In this study, several factors may have acted as barriers to achieving a satisfactory linkage rate to care. Proper LTC was identified as a major obstacle. Few simple interventions could potentially improve the LTC process. Firstly, providing comprehensive information about treatment centres, including their names, OPD dates and times, and the name of a contact person, may enhance LTC. This information dissemination could be facilitated through repeated telephone calls, text messages, or distributing leaflets containing all necessary details. Another major obstacle was the lack of awareness regarding the disease and the outcomes of leaving it untreated. This underscores a critical barrier to seeking treatment among individuals who perceive themselves as asymptomatic. Such perceptions can lead to underestimating the seriousness of the condition and delaying medical care‐seeking. Sensitization efforts aimed at addressing the lack of knowledge about the disease and its treatment may be beneficial, as the majority of patients lacked proper understanding of viral hepatitis. In the context of the unsuccessful group mentioned, where individuals did not seek treatment, it is plausible that the fear of losing daily wages played a crucial role in their decision‐making process. Addressing economic barriers to healthcare, such as providing financial assistance can help mitigate the impact of wage loss on healthcare‐seeking behavior.

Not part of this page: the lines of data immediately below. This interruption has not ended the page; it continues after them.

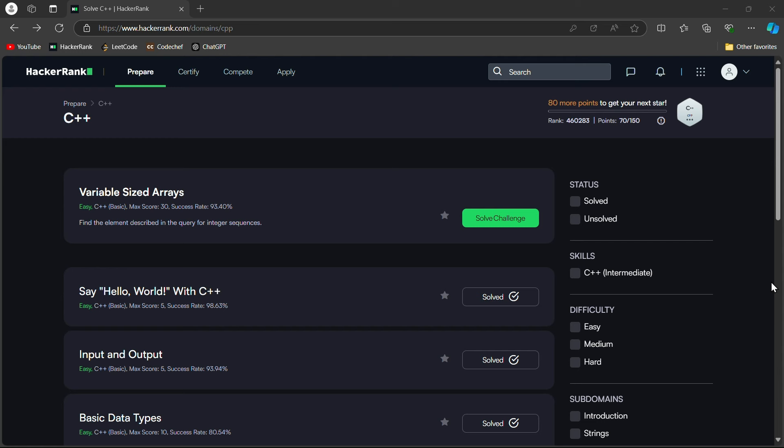Hello guys, welcome back to my channel HK Official and I welcome you to Day 9 of your HackerRank series, which is Variable Sized Arrays. We are solving this problem today.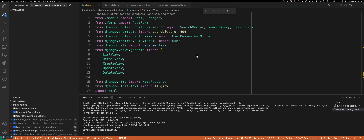Hey guys, in this video I wanted to show how I use some more advanced search methods in order to improve the way search happens on my blog.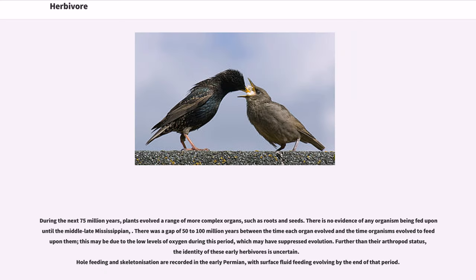During the next 75 million years, plants evolved a range of more complex organs, such as roots and seeds. There is no evidence of any organism feeding on them until the middle-late Mississippian. There was a gap of 50 to 100 million years between the time each organ evolved and the time organisms evolved to feed upon them; this may be due to the low levels of oxygen during this period, which may have suppressed evolution. Further than their arthropod status, the identity of these early herbivores is uncertain.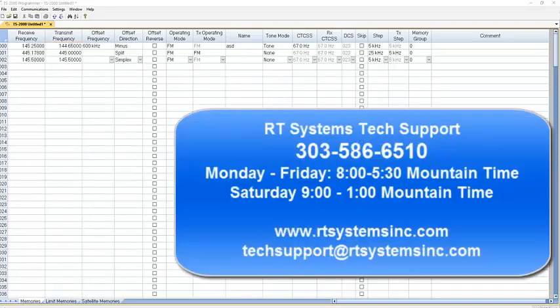This is Karen K0RTX and I'll catch you down the log.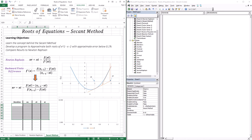We approximated the first derivative using three techniques: the forward finite difference, the backward finite difference, and the centered finite difference. So despite the fact that we don't know how to get our derivative, we can approximate it. Using the backward finite difference, it is basically f(xi-1) minus f(xi) divided by the distance between these two points. The point of interest is xi, and a point backwards to it is xi-1, with distance h.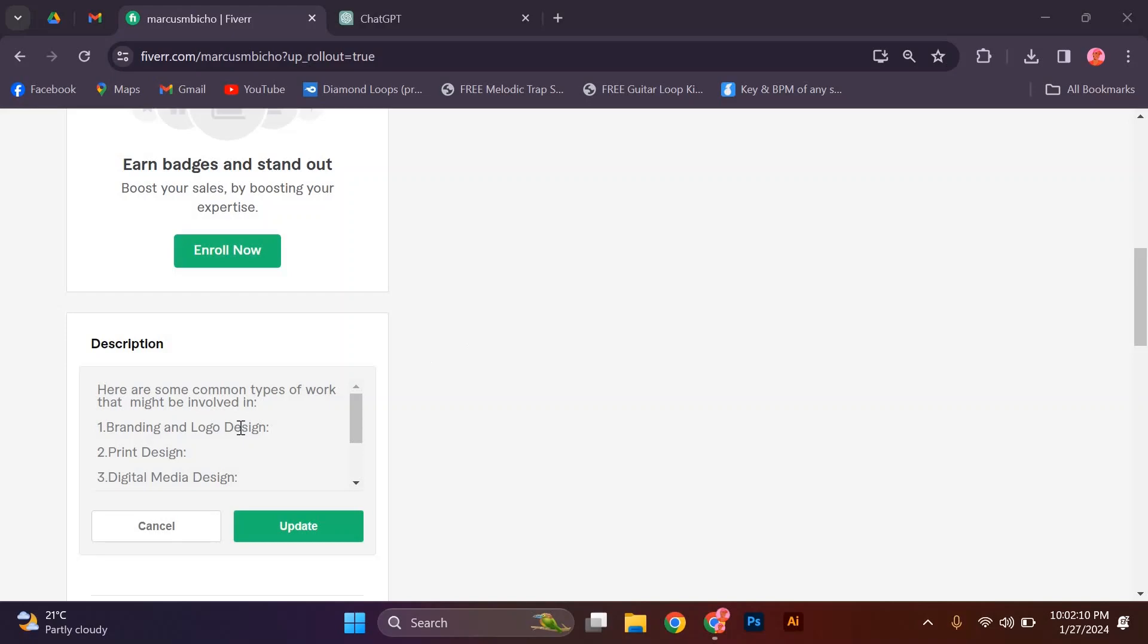Hello guys, welcome to my channel. In this video, I'm going to show you how to write a perfect Fiverr profile description. It is a fast and easy tutorial.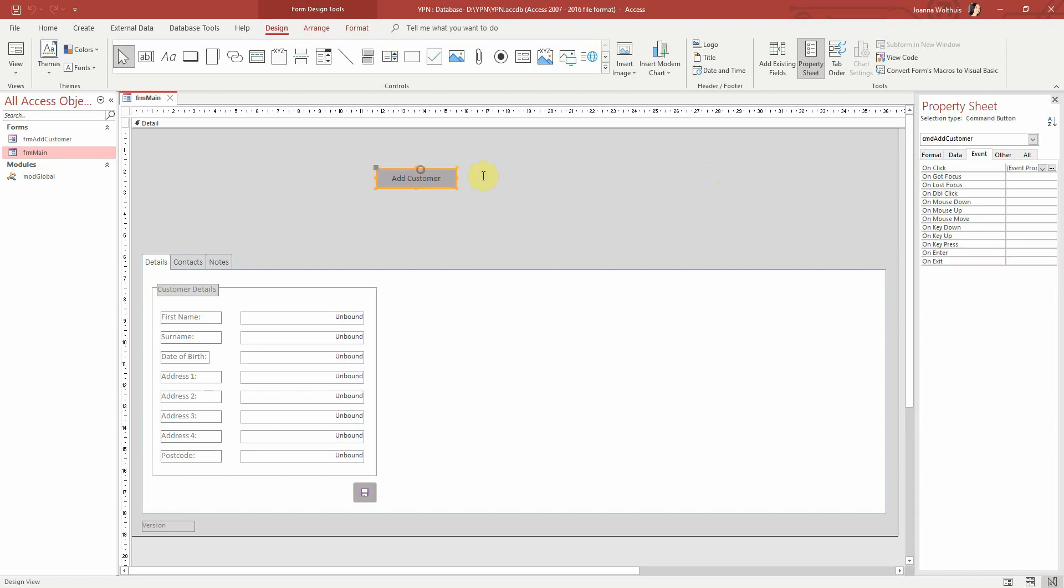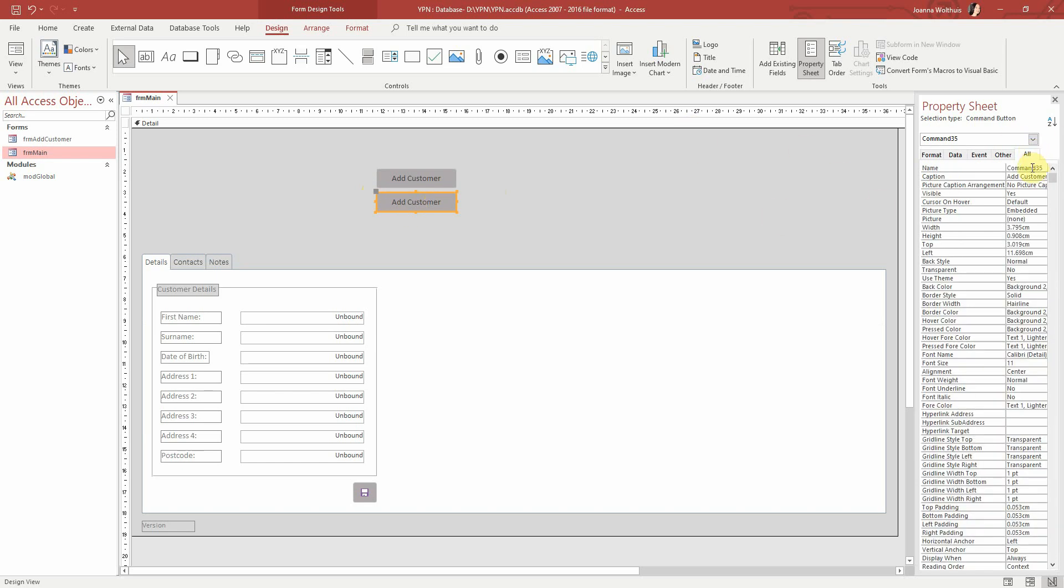So what we're going to do is I'm just going to copy my add customer button so that it will retain the properties that we've already chosen for it. And I'm going to rename it here to cmd exit.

Further studies concentrating on the various barriers to linkage may be required to better understand the root causes for addressing these issues at the community level for further strengthening the existing programmes.

5. Limitations

There are few limitations of this study. First, the study included blood donors from two blood banks only. Inclusion of other blood bank could have changed the linkage rate. Second, though NVHCP is a decentralized health care system, irrespective of the domicile of the patients, they were advised to attend the NVHCP clinic of our institute only. It may be inconvenient for the patients. Third, the government health care system is not always seamless; few patients might have attended private health care system, details of which are unknown. Fourth, patients were contacted via telephone, which comes with several limitations. Fifth, assessing the influence of the health care facility on LTC is crucial. Factors such as accessibility, quality of care, availability of resources, and staff attitudes can significantly impact an individual's decision and ability to engage in care after diagnosis. However, this aspect was not assessed.

6. Conclusion

In order to eliminate chronic viral hepatitis as a public health threat, it is crucial to ensure adequate LTC for individuals who are infected with chronic viral hepatitis. Though National Hepatitis Control Program provides complementary diagnostic support and antivirals, 72.3% HBV and 91% HCV infected patients did not attend treatment centre. However, those who attended NVHCP, most of them are retained in care. Inadequate LTC is a major obstacle to eliminate viral hepatitis from India. New strategies and interventions are urgently needed to improve LTC among asymptomatic patients infected with chronic viral hepatitis.

Conflicts of Interest

The authors declare no conflicts of interest.